Work to be completed:
Output each record below exactly, leaving any picture out of the copy.

=== Begin Enclosure ===

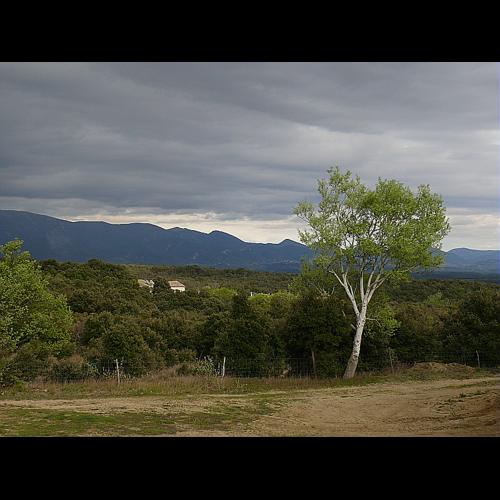 Populus alba L., 1753 © GARRAUD Luc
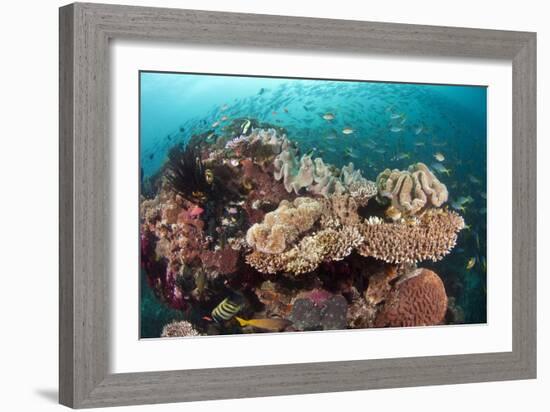 Coral Reef Community-Matthew Oldfield-Framed Photographic Print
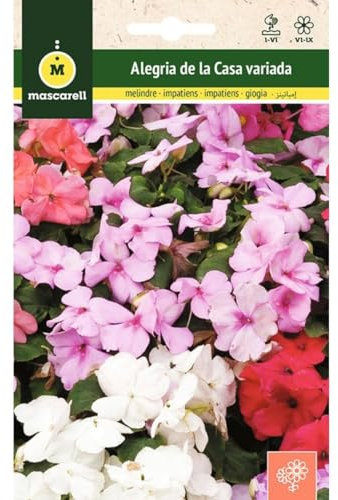 Mascarell Semillas, ALEGRÍA VARIADA DE LAS CASAS, Semillas Flores Exterior para Decoración, 0,2 Gramos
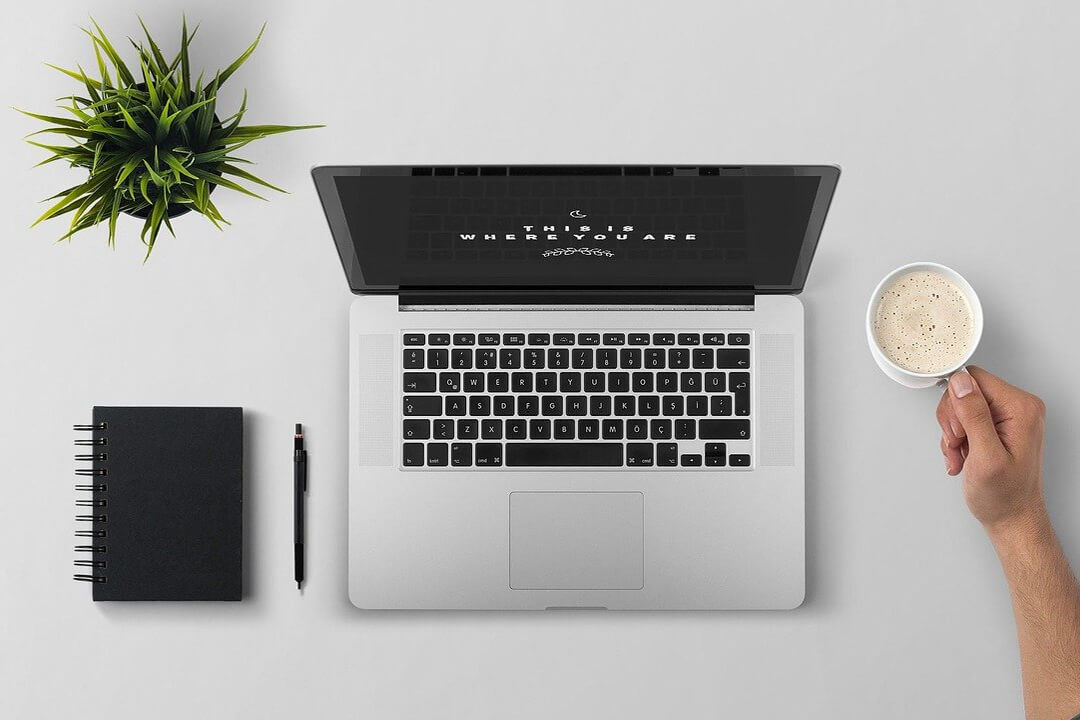 تفريغ نصوص من PDF الى وورد وتفريغ فيديوهات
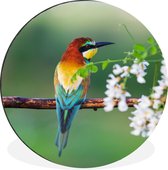 WallCircle - Cercle Mural - Cercle Mural - Vogel - Guêpier - Fleurs - Aluminium - Dibond - 140x140 cm - Intérieur et Extérieur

=== End Enclosure ===

Answer box:
 Populus alba L., 1753 © GARRAUD Luc
 Coral Reef Community-Matthew Oldfield-Framed Photographic Print
 Mascarell Semillas, ALEGRÍA VARIADA DE LAS CASAS, Semillas Flores Exterior para Decoración, 0,2 Gramos
 تفريغ نصوص من PDF الى وورد وتفريغ فيديوهات
 WallCircle - Cercle Mural - Cercle Mural - Vogel - Guêpier - Fleurs - Aluminium - Dibond - 140x140 cm - Intérieur et Extérieur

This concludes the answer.